TSQL Tuesday #93 – My Interviewing Experiences

Kendra Little (b|l|t) is hosting this months TSQL2SDAY which is on the topic of:

TSQL Tuesday #93: Interviewing Patterns & Anti-Patterns

What advice do you have for people preparing for or going through an interview?

I got of to a late start, and I apologize in advance for what may be a bit messy blog post.

Background

A couple of years ago, when I was working at a pretty large blueish container shipping company, we got the opportunity to interview candidates for our off-shore team. This was, as far as I know, a first off in the company, and only came to be because my manager at the time was adamant about it.

We quickly decided, that I was to take on the technical part of the interview and my manager the more person/team oriented aspects. So I devised a good number of questions, so I could accommodate for any specialization the candidate may have.
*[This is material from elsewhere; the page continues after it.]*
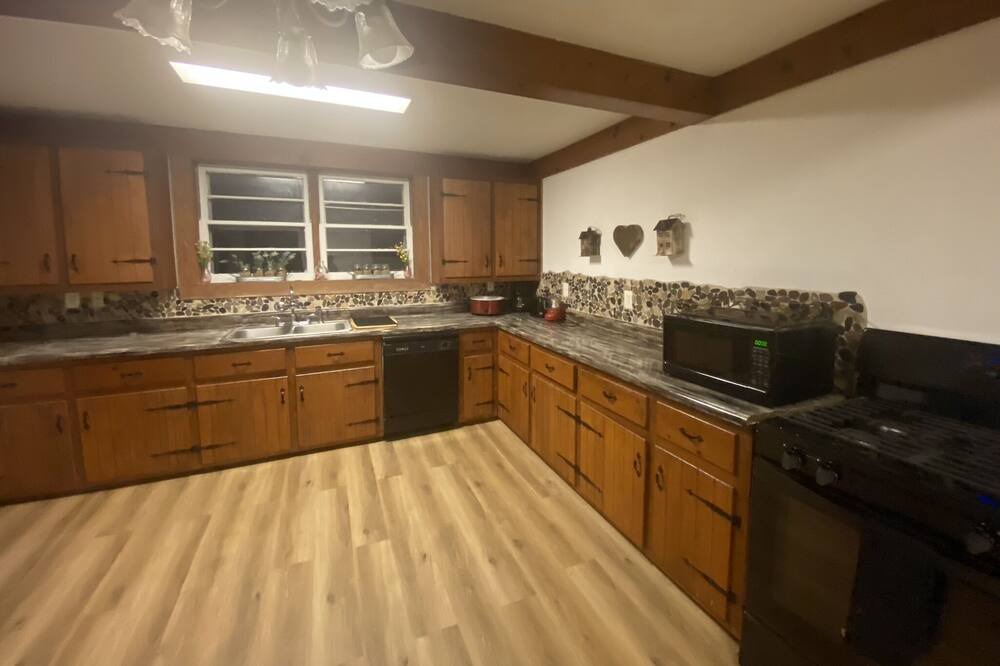 Photo of Kitchen in Rutherfordton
We had to cover a lot because our landscape was, well, let’s just put it: Not so single vendor-ish.
To make a long story short, the setup in the company at that point in time was that the Data Warehouse (DWH) was situated on a Teradata box. On top of that there were several options for business reporting. One such option was Microsoft Reporting Services (SSRS), which was done in the department where I was sitting. The reports were however not sourcing directly from Teradata, but from one of many Analysis Services (SSAS) cubes we hosted as well. All data was sourced using Informatica (into the DWH), in yet another department, so Integration Services (SSIS) was officially (and unofficially) not allowed as sourcing tool, which is why no questions reflect that aspect of the Microsoft BI Stack.

So, we were looking for strong profiles in SSRS and SSAS as well as having Teradata knowledge. Along with a general understanding of Data Warehouse fundamentals of course. In other words, not junior profiles.

Preparation

In order to lock in on the level of the one being interviewed I prepared a set of questions with increasing technical difficulty. Since my knowledge on Teradata was limited I asked around among the DBA’s and decided after some contemplating to completely avoid checking for technical Teradata skills. We would have to train them, if need be.
The list of questions evolved during the whole process. I honed in on the  general level of applicants, after firing questions East and West. Me being more precise gave everyone a much better experience. Conversations tend to stop, when no-one understands you and, you don’t look like a Donkey asking about simple stuff.
So hopefully you get the opportunity to tune into the level of the applicant before you unload your tech quiz.

The Interviews

I wound up having three categories of questions:

Proficiency

Do they have any strong sides? Usually people tend to have a favorite tech in which they excel. So for us it was important not to hire only SSRS Wizards/Ninjas or whatever it’s called nowadays. We wanted a fair mix.

I would ask the interviewee to rate them selves in the different tools and languages and use their rating as pointer to the question I would ask on the technical stuff. If they rated themselves > 7/10 in MDX and are having trouble naming at least five (5) frequently used functions, you know something is rotten.

Something I notoriously have gotten wrong would be:

  • Q: Explain what you get from having Enable Visual Totals checked?
  • A: When Enable Visual Totals are checked, the Grand Total reflects the total you are allowed to see. The Grand Total is not a Grand Total, but your Local Total. At least that works in my mind!
Data Modeling

Data modeling was usually the area where the interviewee’s were least knowledgeable. So the nature of the questions in this category was on a very high level.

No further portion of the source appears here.